Will Governments Restrict Foreign Access to Pandemic Supplies? – with Abraham Newman

As the Covid-19 pandemic unfolds, there is a lurking threat that we can no longer ignore: What happens if countries hoard or even nationalize vital resources to fight the disease? On March 2, according to the New York Times, the White House tried to persuade CureVac, a German company that is working on a Covid-19 vaccine, to move to the United States. A German newspaper claimed that the Trump administration wanted the U.S. to secure sole access to a vaccine, a claim the U.S. and the CureVac both denied. But the German government was rattled; its foreign minister, Heiko Maas, proclaimed that “we cannot allow a situation where others want to exclusively acquire the results of their research.” German Chancellor Angela Merkel met with senior German officials to discuss how to prevent the bid. A few days later, the Global Times, a newspaper owned by the Chinese Communist Party, published an editorial claiming that “the development of a vaccine is a battle that China cannot afford to lose,” arguing that China cannot rely on either Europe or the United States to give it access to a vaccine.

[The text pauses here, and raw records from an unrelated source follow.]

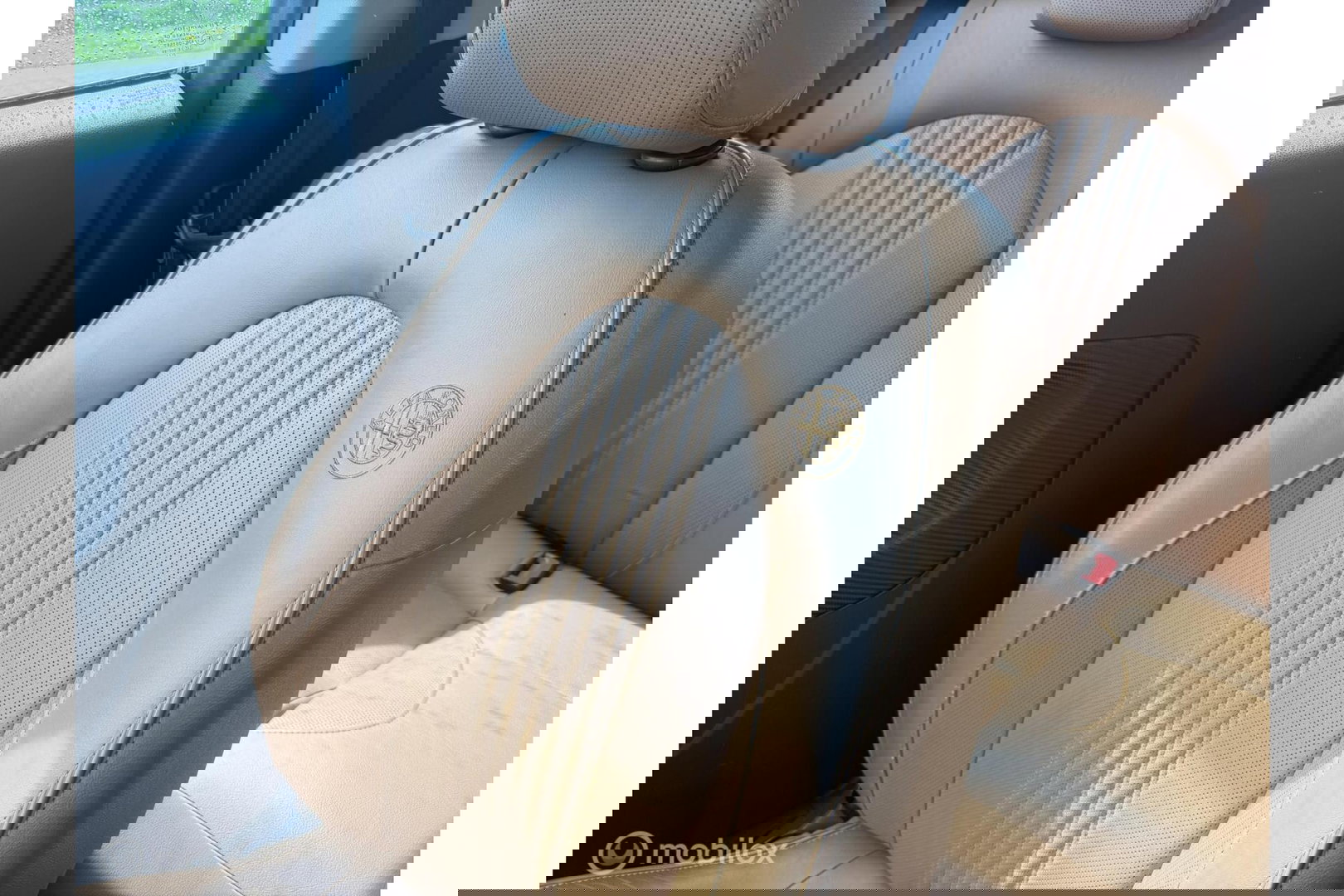 Alfa Romeo MiTo 1.3 JTDm ECO Business Executive | Panorama | BOSE | Leder | Navigatie |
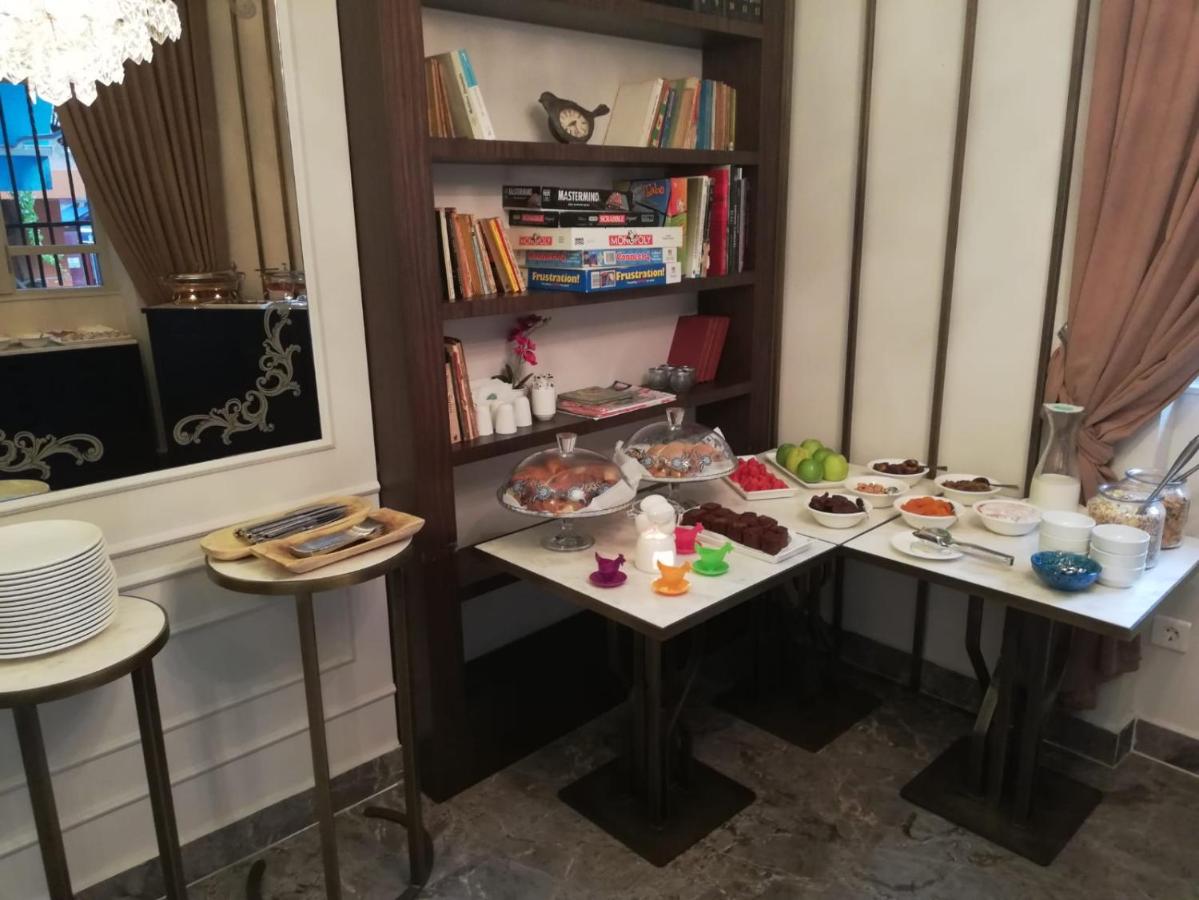 Fuga Hotel Constantinidis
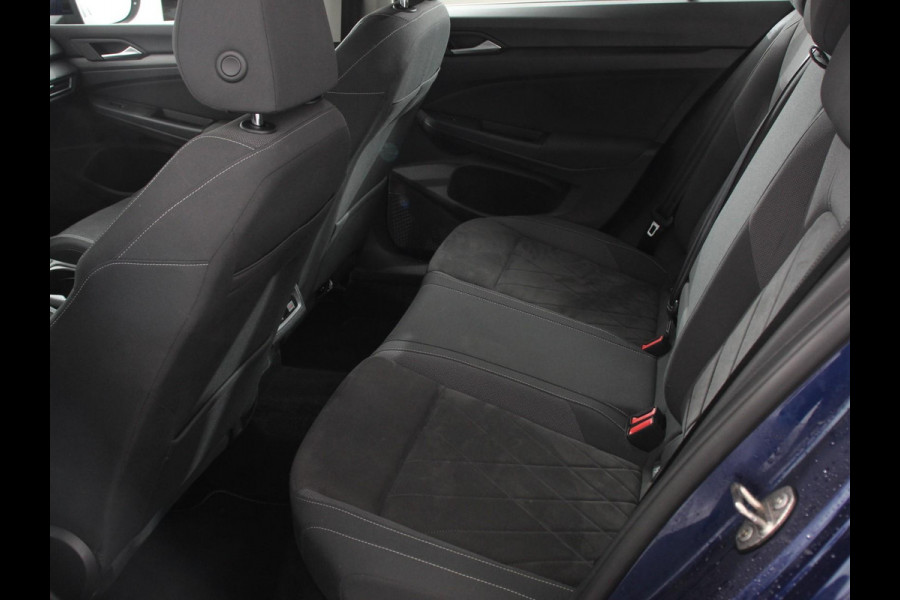 Volkswagen Golf Variant 1.5 eTSI 150pk DSG Style Navigatie Climate Control Camera Parkeer Sensoren Adaptive Cruise control Achterklep elektrisch bedienbaar Stoelverwarming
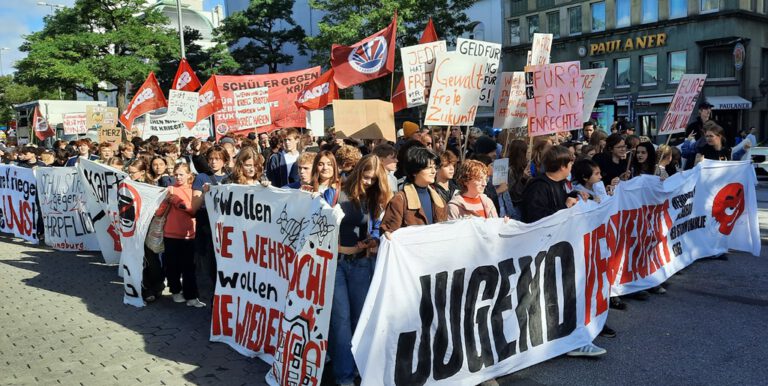 Hamburg’da Askeri Tatbikata Karşı Protesto: Öğrenciler Sokağa İndi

It seems that we may be facing the dangerous prospect of “reverse protectionism,” in which states restrict exports rather than imports, and fight with each other to win control of scarce resources needed to protect their citizens. Just as traditional protectionism deepened the Great Depression, the new protectionism could prolong the Covid-19 pandemic by making it harder for states to fight it, worsening its impact. Even if this doesn’t come to pass, the high level of mutual suspicion currently brewing between states will make it harder to coordinate an international response. Mistrust will reverberate through global supply chains.

Businesses that aren’t in the healthcare sector don’t usually pay much attention to the politics of global health. They should be paying attention now. Few business leaders seem to understand that the coronavirus is not just hitting demand and supply and sending the world into a recession — it is also reshaping the fundamental relationship between states and markets. As states try to protect their citizens, they are becoming far more interventionist. Many of these interventions may last far longer than the crisis itself.

This means that business needs to pay attention to how national governments start to intervene in markets to fight coronavirus. Everything depends on whether governments continue to recognize that they benefit from working together, or whether they instead start to fight with each other over business and the goods that it supplies, turning to a new era of autarkic hoarding.

Henry Farrell and Abraham Newman, “Will Governments Restrict Foreign Access to Pandemic Supplies?,” Harvard Business Review (online), March 23, 2020.